His gaze tracks my hair, face, neck, and slowly, inch by inch, down my body to my shoes. When he lifts those dark eyes again, he pins me with a look that makes my stomach flutter.

“I’m Archer,” he tells me, holding out a hand, which I shyly accept. We shake, but the contact of his hot skin on mine makes me shiver.

“Samara,” I inform him of my name.

“Pretty,” he tells me. The corner of his mouth lifts, a small dimple forms in his cheek, and his eyes shimmer with mischief. “So, I figured I’d come and say hi.”

“Hi,” I stupidly mutter, cringing that I’m acting like an idiot in front of the cute boy.

“Would you give the new boy a tour of this place?” he asks, arching a dark brow at me in question.

“Uhm, yeah, sure.” I smile finally, attempting to calm my erratic heartbeat.

“Good.” He reaches for my hand once more, this time twining his fingers through mine and tugging me along as if he’s the one giving me the tour.

The computer dings loudly, dragging me from the memory of the moment I knew my life would never be the same with the boy I’d loved since that day to now. When my gaze focuses on the screen, my heart catapults wildly.

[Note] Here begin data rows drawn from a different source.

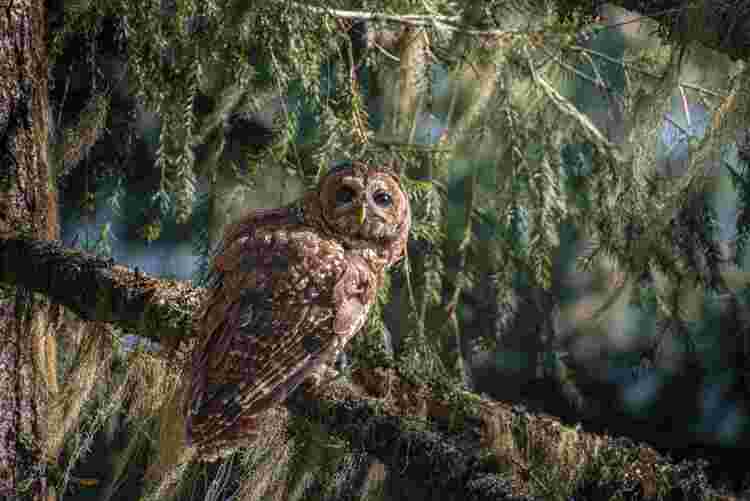 U.S. wildlife agency sued over delayed protections for spotted owl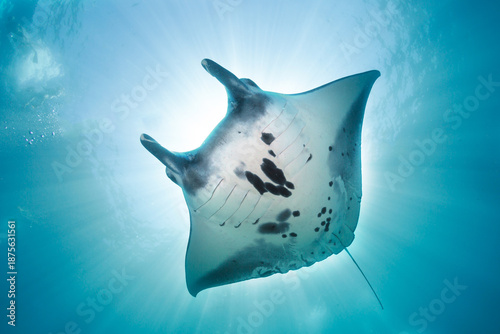 Obraz na płótnie Manta ray swimming underwater in a clear blue ocean during daytime with sunlight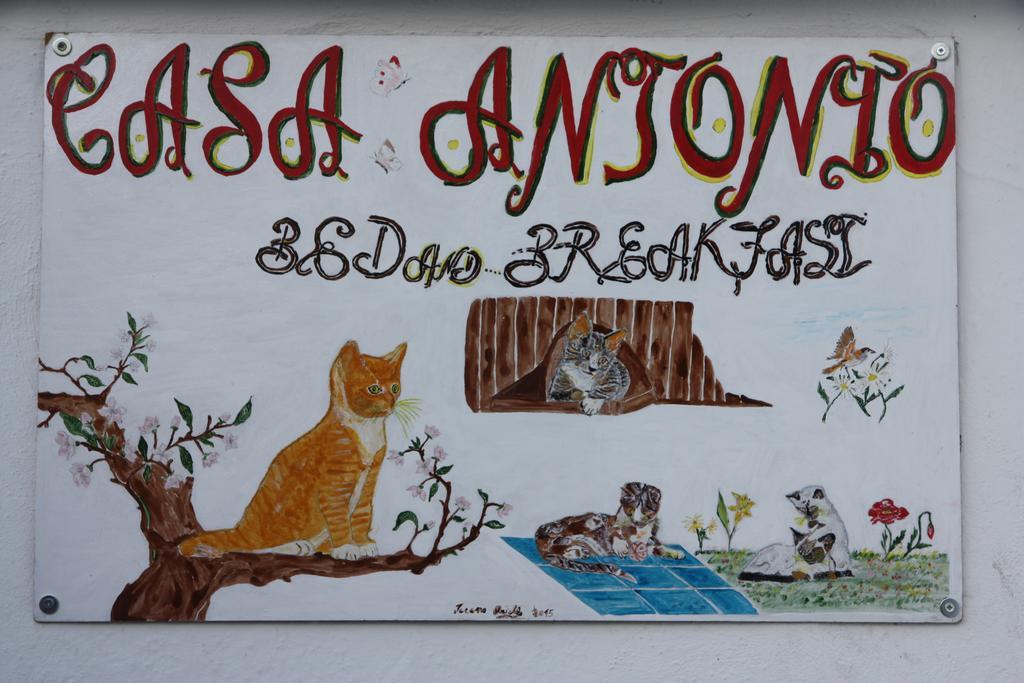 バラーノ・ディスキア Casa Antonio Bed & Breakfast エクステリア 写真
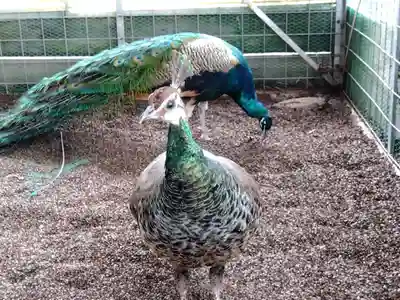 福井県護国神社(福井県)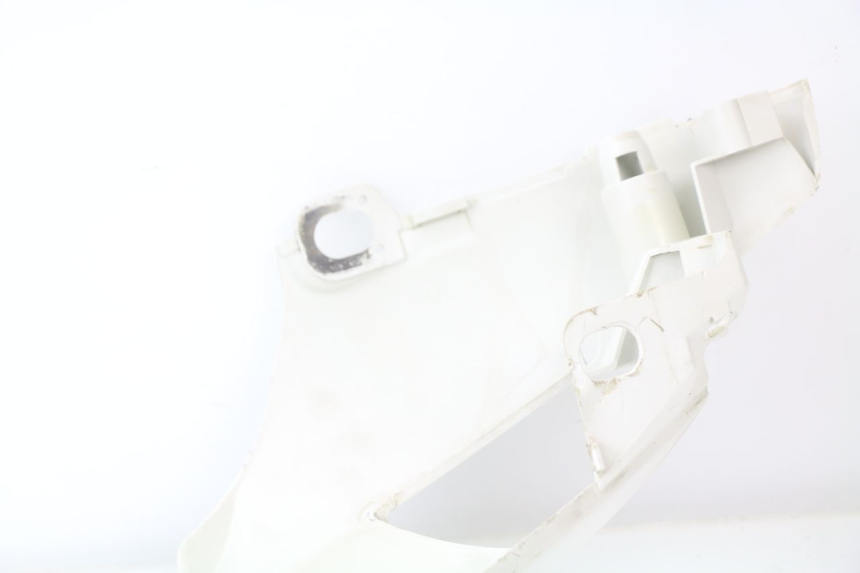 photo de FLANC POSTERIORE DESTRO PEUGEOT LOOXOR 125 (2002 - 2006)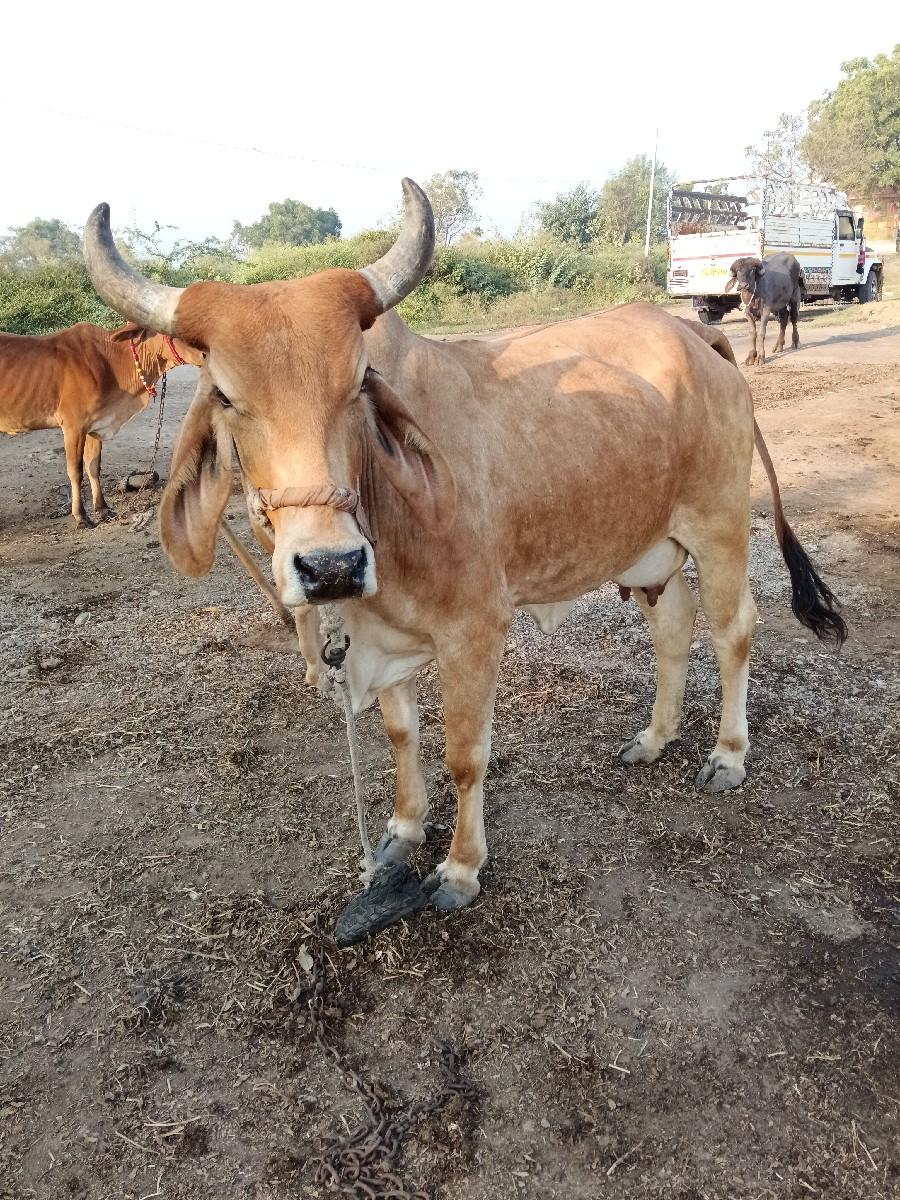 થંબનેલ 3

“Hunter!” I shout, racing into the living room to find both men staring at me. “I just figured out something. When Archer mentioned Rebekah, he told us her name, and something that Diana had told me a while ago struck me as strange.”

I set the computer down to show my partner for so long the truth of the woman we’d been working for.

“They were sisters?” Hunter asks, glancing at me, then at the screen.

When I turn to face Archer, he looks as confused as we feel.

“She’d never mentioned family,” Archer says, furrowing his brows. The photos of both women side by side are uncanny. It’s almost as if they’re twins. The only differences are hair color, and I’m certain Diane’s nose was broken and reconstructed. There’s a slight bend in it, which gives off the feel that she certainly was a fighter.

“It seems we’re not the only ones keeping secrets,” Hunter says, paging through a folder. When he sets it on the desk, I scan through the information that states there was indeed two girls born. The problem is, they were separated at the age of sixteen after a house fire. Both parents died tragically while the girls were left as orphans.

“I need to go,” Archer finally says. His voice is low, almost a whisper, but I hear the pain and fear that drips from every word. He shouldn’t have to go back in there, but I know we don’t have a choice.

“I’ll walk you out,” I tell him, offering Hunter a nod before following the man I love to the door. The sun is bright, scorching the arid ground as it beats down, making it stifling outside.